───── Stored data
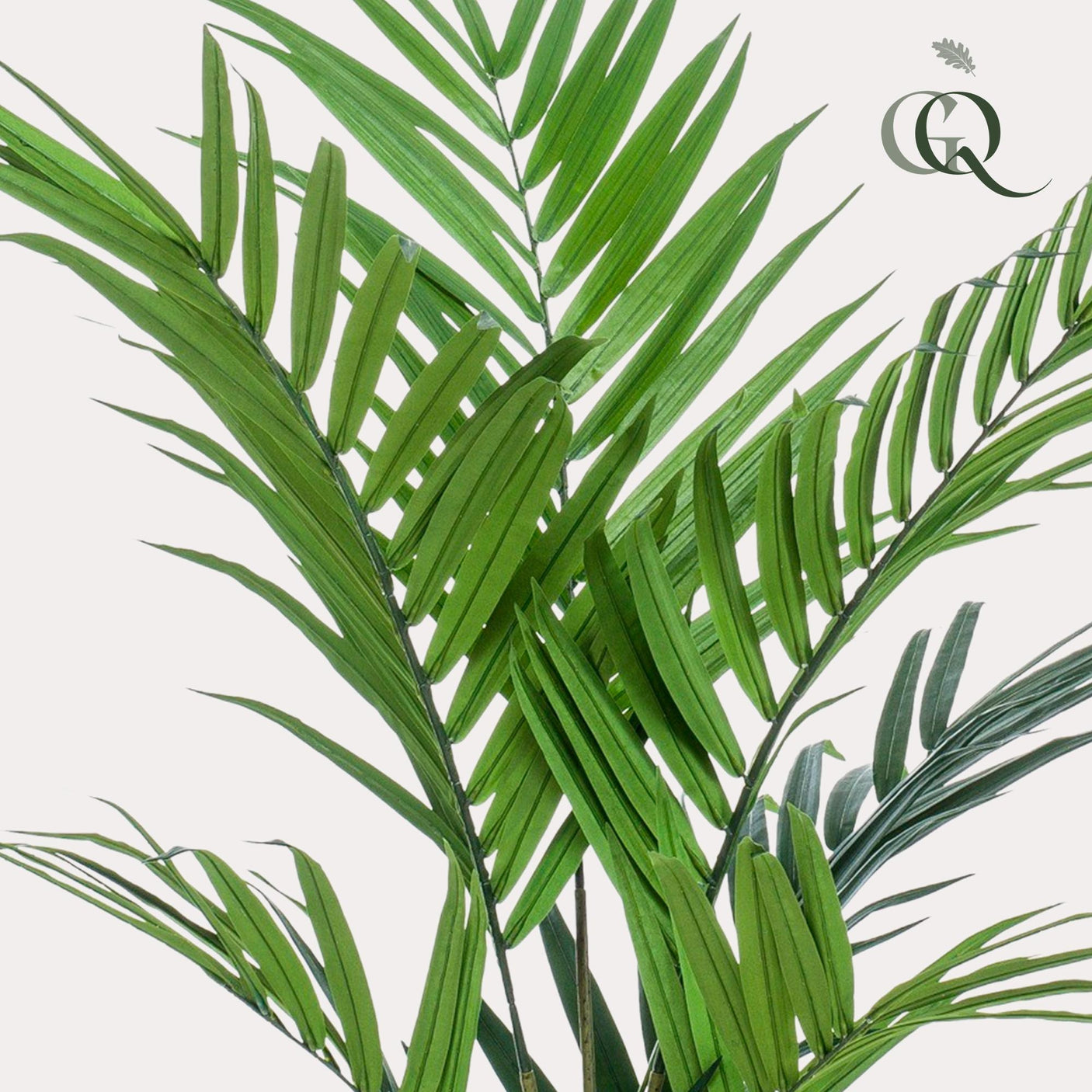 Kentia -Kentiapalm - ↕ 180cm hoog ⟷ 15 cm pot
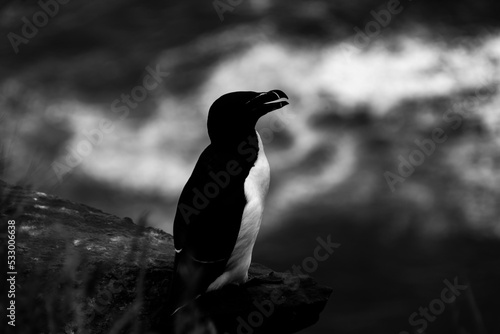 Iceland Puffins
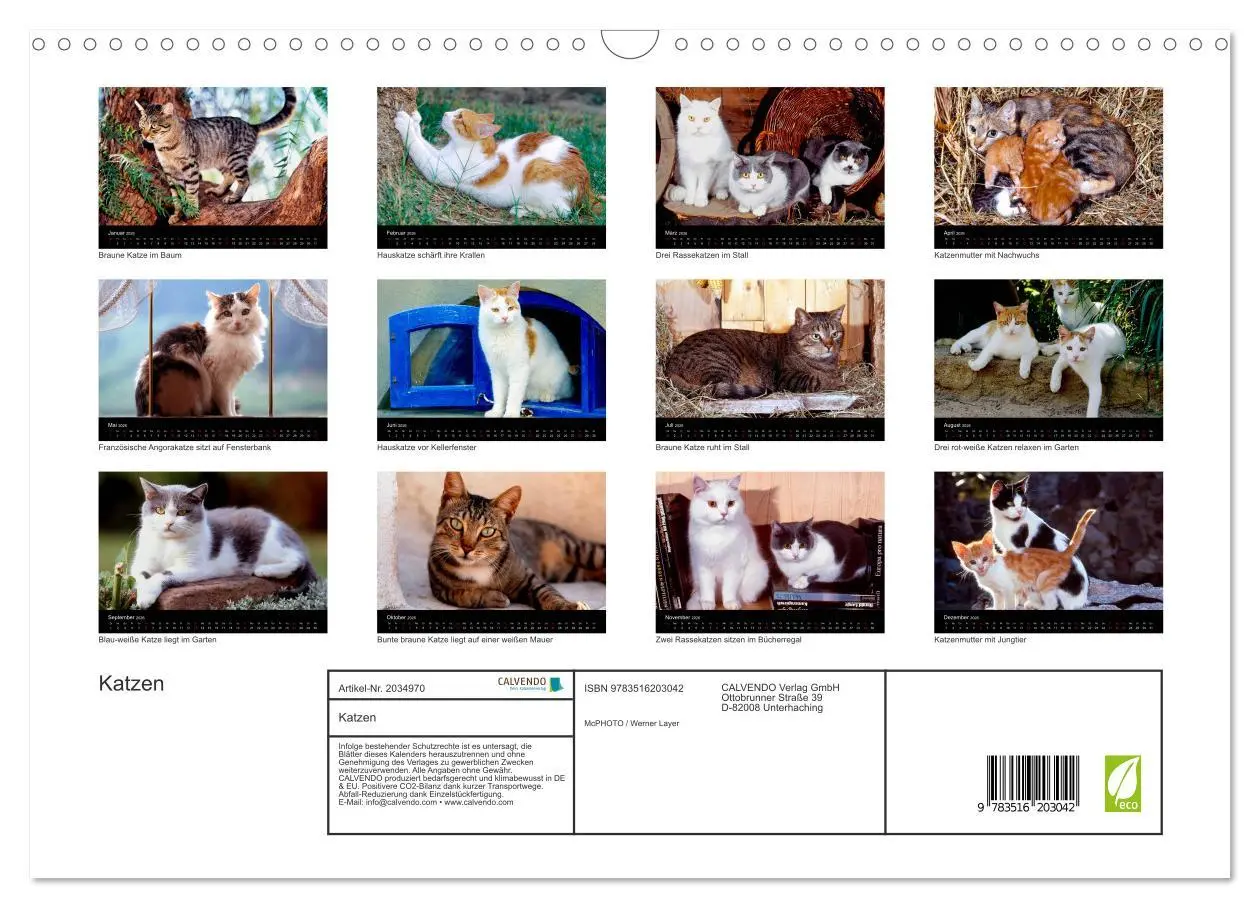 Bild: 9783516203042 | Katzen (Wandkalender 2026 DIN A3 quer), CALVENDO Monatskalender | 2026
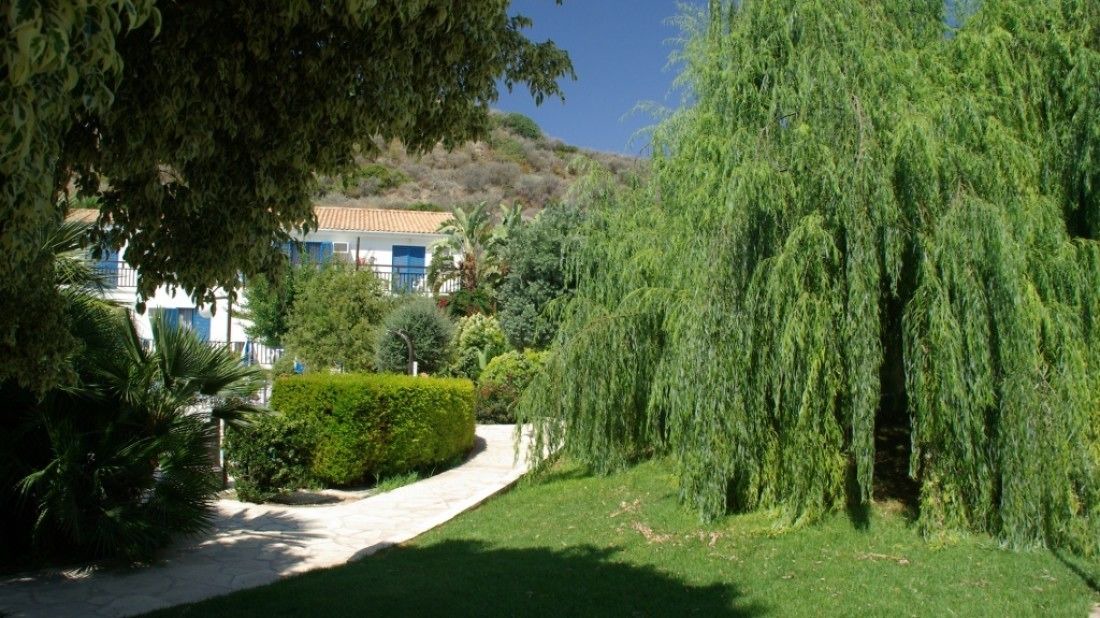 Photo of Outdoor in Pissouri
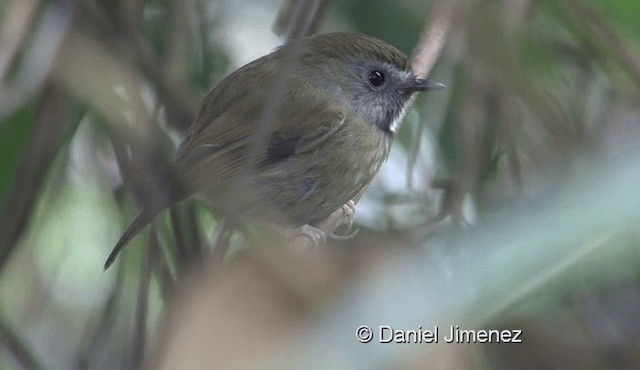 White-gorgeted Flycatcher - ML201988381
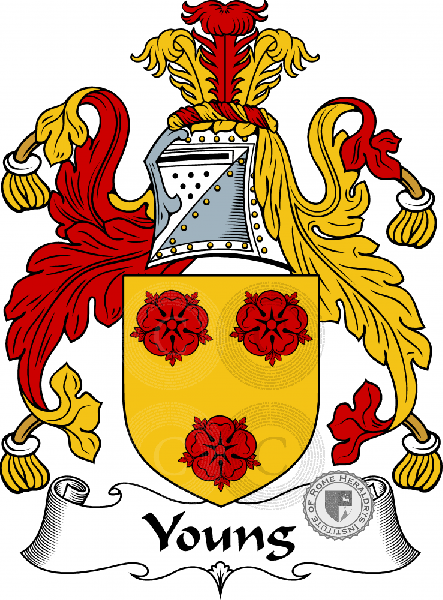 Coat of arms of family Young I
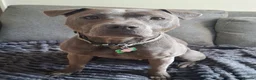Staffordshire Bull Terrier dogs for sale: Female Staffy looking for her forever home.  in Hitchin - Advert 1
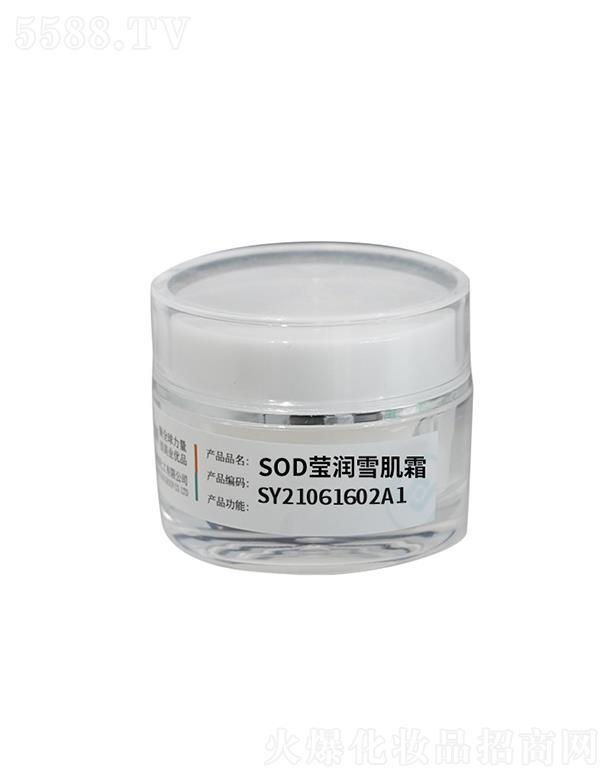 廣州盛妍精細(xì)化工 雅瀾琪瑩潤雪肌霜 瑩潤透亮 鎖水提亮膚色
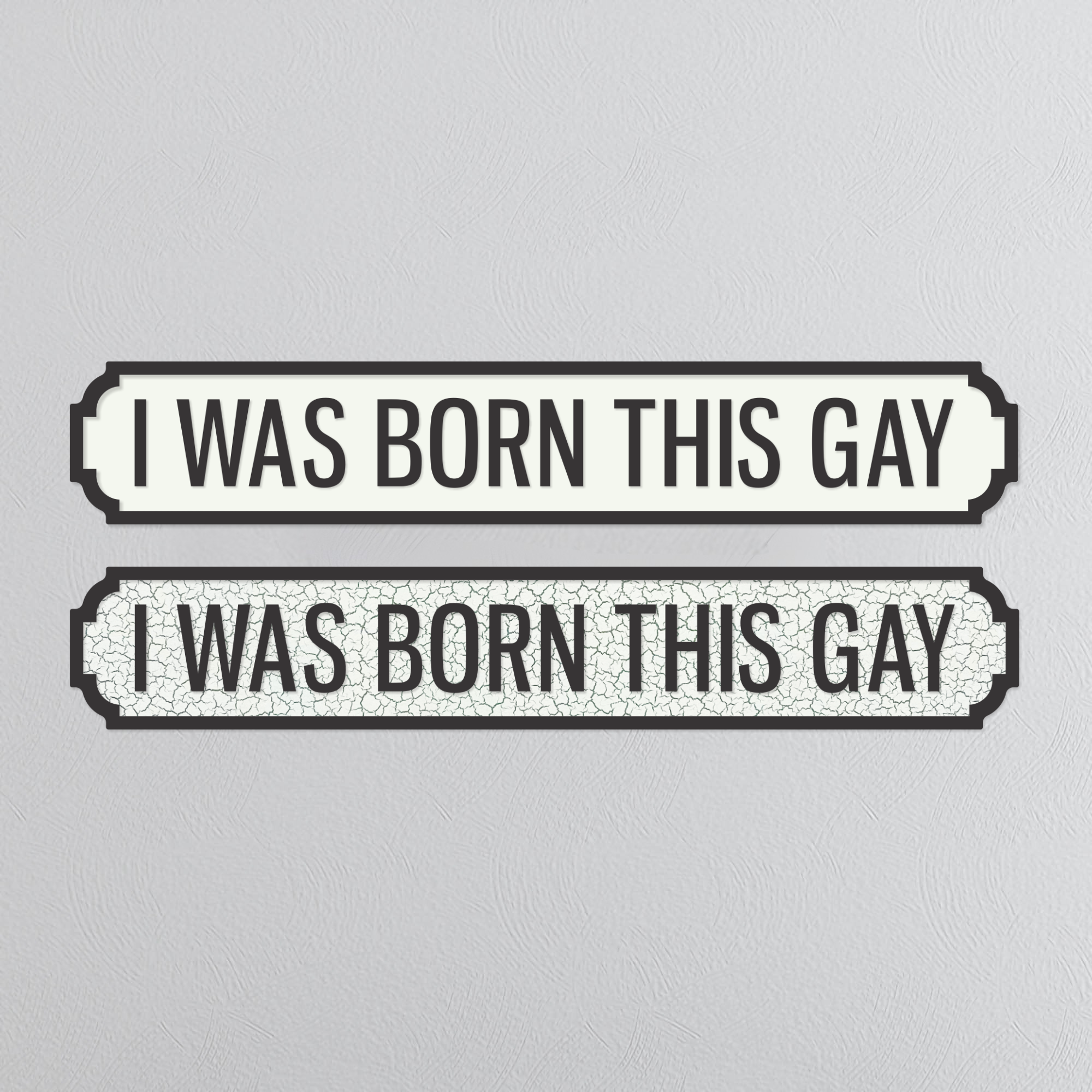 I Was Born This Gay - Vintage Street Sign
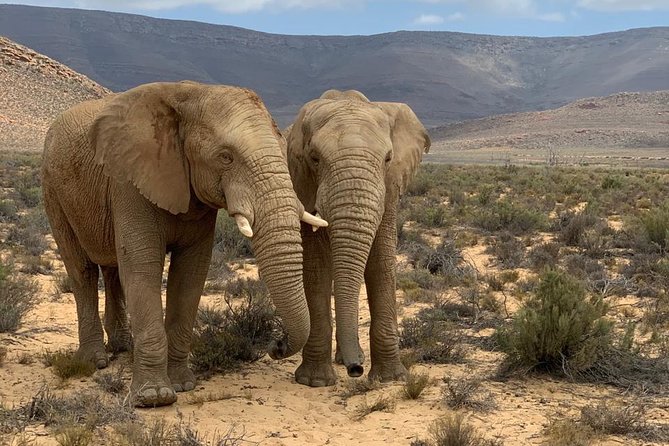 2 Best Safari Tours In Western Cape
──────────
What you will do = Each entry is to be returned as it stands, and each picture is to be left out.

Result =
 Kentia -Kentiapalm - ↕ 180cm hoog ⟷ 15 cm pot
 Iceland Puffins
 Bild: 9783516203042 | Katzen (Wandkalender 2026 DIN A3 quer), CALVENDO Monatskalender | 2026
 Photo of Outdoor in Pissouri
 White-gorgeted Flycatcher - ML201988381
 Coat of arms of family Young I
Staffordshire Bull Terrier dogs for sale: Female Staffy looking for her forever home.  in Hitchin - Advert 1
 廣州盛妍精細(xì)化工 雅瀾琪瑩潤雪肌霜 瑩潤透亮 鎖水提亮膚色
 I Was Born This Gay - Vintage Street Sign
 2 Best Safari Tours In Western Cape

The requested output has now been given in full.